━━━ Source data

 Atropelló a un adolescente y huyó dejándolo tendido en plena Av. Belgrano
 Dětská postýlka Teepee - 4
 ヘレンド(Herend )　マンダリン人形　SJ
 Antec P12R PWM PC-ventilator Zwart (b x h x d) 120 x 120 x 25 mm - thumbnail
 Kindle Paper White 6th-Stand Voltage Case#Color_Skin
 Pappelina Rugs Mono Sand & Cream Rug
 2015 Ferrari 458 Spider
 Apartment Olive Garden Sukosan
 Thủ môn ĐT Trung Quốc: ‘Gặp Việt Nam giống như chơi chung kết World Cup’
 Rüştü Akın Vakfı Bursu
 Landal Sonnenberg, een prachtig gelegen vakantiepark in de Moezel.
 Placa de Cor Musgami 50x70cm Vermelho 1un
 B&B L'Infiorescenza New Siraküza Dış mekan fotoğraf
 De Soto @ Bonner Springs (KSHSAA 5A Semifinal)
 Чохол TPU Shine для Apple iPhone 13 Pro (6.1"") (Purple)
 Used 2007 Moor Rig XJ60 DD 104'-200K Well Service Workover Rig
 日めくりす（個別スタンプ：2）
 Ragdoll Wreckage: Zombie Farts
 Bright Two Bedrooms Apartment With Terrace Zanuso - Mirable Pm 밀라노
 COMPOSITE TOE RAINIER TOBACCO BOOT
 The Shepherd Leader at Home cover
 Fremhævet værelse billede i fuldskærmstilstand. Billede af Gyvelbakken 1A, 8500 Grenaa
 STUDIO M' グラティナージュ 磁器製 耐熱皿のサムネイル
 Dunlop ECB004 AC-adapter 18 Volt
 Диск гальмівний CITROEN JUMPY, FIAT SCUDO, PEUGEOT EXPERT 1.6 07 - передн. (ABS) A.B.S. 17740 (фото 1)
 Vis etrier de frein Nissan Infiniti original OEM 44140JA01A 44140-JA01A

━━━━━━

§ Task instructions:
All lines from the one that contains "STUDIO M' グラティナージュ 磁器製 耐熱皿のサムネイル" to the end of the records above are to be copied exactly; leave out the rest.

§ Exercise response:
 STUDIO M' グラティナージュ 磁器製 耐熱皿のサムネイル
 Dunlop ECB004 AC-adapter 18 Volt
 Диск гальмівний CITROEN JUMPY, FIAT SCUDO, PEUGEOT EXPERT 1.6 07 - передн. (ABS) A.B.S. 17740 (фото 1)
 Vis etrier de frein Nissan Infiniti original OEM 44140JA01A 44140-JA01A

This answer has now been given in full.